Work item:
Return, word for word, the lines running from the one that contains "Exterior view of" to the final line of the listing below.

*** Opening of Source records ***

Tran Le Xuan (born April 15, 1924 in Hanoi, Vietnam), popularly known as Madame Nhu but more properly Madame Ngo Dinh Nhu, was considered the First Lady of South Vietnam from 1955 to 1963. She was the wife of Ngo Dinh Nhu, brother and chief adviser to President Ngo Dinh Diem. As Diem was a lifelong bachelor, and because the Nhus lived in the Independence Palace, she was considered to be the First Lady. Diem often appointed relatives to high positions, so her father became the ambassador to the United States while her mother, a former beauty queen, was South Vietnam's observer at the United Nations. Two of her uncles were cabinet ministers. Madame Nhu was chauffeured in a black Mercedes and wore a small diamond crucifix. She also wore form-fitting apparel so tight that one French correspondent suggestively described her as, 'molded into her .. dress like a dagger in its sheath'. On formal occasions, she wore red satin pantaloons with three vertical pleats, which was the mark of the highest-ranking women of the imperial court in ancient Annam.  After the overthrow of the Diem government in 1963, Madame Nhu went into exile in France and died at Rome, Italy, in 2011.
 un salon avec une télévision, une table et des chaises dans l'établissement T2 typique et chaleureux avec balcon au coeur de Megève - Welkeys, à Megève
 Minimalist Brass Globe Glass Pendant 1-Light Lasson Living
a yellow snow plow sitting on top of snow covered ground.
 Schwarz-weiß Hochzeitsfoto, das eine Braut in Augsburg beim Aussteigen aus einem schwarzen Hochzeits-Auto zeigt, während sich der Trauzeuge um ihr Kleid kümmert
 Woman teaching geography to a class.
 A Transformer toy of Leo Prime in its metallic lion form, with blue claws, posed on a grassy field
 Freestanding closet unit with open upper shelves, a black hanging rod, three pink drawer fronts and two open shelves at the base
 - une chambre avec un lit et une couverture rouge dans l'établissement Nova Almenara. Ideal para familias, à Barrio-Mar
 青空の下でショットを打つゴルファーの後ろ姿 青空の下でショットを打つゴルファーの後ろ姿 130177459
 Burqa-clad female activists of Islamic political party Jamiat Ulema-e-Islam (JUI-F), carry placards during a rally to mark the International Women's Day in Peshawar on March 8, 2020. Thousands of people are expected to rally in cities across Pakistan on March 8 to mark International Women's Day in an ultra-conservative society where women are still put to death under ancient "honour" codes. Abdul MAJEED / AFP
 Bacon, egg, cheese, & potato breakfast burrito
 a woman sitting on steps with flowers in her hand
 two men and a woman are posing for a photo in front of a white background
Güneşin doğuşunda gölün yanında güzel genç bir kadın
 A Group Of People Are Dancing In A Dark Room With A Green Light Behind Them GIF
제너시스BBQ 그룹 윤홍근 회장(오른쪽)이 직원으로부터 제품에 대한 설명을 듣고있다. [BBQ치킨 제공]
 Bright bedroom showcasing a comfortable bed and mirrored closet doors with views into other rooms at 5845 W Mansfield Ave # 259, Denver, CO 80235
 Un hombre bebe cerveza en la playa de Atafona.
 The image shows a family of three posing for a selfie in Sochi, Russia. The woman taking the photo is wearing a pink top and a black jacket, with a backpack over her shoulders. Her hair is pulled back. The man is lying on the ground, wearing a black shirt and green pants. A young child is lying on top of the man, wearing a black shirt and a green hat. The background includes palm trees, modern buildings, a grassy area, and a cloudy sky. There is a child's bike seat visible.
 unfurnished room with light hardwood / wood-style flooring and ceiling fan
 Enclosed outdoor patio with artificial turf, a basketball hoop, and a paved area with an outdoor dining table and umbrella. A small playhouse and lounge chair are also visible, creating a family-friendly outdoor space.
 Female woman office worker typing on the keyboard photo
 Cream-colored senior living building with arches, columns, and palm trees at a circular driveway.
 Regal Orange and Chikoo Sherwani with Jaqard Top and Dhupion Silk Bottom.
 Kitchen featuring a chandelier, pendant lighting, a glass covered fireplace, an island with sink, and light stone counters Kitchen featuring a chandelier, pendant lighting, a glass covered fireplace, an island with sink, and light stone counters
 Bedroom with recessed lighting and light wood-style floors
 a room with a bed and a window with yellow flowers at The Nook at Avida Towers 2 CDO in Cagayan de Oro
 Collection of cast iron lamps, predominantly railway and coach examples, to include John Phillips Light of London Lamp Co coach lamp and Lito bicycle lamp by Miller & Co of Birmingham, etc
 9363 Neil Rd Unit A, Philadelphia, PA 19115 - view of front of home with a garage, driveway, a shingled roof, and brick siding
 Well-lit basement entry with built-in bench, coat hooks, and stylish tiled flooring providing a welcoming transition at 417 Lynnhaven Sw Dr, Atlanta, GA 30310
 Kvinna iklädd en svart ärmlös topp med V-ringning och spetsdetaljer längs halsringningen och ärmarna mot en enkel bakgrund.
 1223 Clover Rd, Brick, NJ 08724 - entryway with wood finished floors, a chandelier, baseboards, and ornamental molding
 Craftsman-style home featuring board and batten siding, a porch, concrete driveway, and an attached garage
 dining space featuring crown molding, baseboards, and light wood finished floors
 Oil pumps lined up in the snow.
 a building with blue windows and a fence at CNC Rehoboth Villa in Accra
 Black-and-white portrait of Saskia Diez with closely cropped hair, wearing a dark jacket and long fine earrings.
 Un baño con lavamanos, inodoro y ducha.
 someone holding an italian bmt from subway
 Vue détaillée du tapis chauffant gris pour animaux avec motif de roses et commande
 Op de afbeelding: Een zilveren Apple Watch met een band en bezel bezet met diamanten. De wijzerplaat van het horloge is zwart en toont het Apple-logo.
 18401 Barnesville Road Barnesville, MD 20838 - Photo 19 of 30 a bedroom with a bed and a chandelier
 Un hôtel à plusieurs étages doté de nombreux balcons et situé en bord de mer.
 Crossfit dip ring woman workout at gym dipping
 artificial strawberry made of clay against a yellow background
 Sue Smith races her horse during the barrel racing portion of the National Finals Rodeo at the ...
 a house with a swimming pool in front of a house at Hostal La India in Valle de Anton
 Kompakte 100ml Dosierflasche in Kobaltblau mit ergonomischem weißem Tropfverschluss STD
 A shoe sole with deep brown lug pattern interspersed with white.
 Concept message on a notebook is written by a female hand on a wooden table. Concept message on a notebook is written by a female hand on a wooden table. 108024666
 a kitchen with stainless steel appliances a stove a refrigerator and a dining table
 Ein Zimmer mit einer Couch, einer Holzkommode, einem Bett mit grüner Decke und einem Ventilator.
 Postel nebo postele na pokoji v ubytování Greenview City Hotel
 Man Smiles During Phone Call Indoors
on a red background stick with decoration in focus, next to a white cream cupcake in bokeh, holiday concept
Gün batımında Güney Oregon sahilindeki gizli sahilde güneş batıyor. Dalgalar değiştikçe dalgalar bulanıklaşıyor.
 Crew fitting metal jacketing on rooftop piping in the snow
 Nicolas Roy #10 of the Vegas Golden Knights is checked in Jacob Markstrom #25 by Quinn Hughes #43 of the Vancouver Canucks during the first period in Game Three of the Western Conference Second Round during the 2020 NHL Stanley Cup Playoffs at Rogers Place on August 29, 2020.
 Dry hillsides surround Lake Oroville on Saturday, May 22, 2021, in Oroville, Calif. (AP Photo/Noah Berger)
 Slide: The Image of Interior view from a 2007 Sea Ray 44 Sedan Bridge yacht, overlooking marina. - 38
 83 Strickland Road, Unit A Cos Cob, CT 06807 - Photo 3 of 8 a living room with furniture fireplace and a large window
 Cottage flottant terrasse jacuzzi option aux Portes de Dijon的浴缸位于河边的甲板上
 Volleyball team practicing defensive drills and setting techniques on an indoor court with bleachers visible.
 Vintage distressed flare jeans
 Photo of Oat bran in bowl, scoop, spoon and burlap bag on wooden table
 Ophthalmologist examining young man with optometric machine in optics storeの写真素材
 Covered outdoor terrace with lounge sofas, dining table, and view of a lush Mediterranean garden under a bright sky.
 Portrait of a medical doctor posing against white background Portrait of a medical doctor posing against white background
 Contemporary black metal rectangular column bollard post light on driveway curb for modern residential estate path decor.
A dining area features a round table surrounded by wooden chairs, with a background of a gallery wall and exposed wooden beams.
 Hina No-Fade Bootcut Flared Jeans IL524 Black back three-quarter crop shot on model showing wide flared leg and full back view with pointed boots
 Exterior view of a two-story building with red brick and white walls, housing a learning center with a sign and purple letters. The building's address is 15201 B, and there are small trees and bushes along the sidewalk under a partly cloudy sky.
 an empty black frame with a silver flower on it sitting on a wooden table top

*** Close of Source records ***

Response box:
 Exterior view of a two-story building with red brick and white walls, housing a learning center with a sign and purple letters. The building's address is 15201 B, and there are small trees and bushes along the sidewalk under a partly cloudy sky.
 an empty black frame with a silver flower on it sitting on a wooden table top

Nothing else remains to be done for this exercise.